Your goal: Repeat exactly, and only, the lines of the entries below from the one with "Torrid Dress Women" through the one with "Apartamento à venda com 350m², 4 quartos e 2 vagas Apartamento", both ends included.

The data:

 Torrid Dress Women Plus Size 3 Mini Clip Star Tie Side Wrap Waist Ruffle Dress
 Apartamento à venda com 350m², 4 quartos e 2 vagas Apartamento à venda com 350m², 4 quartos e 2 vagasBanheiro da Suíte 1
* * *
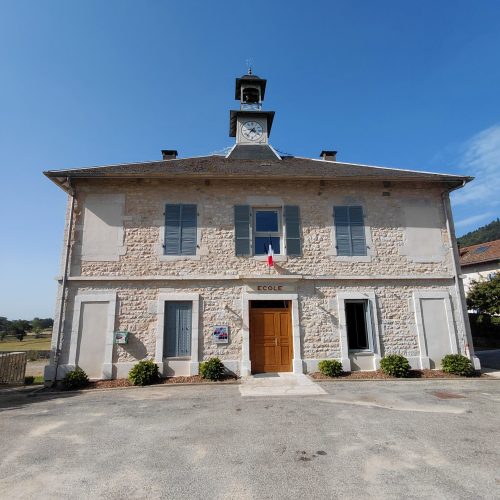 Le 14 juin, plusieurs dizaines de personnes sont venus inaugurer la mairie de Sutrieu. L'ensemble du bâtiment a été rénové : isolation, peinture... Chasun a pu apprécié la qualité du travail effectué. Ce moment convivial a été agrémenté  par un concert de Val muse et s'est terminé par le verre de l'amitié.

Exercise output:
 Torrid Dress Women Plus Size 3 Mini Clip Star Tie Side Wrap Waist Ruffle Dress
 Apartamento à venda com 350m², 4 quartos e 2 vagas Apartamento à venda com 350m², 4 quartos e 2 vagasBanheiro da Suíte 1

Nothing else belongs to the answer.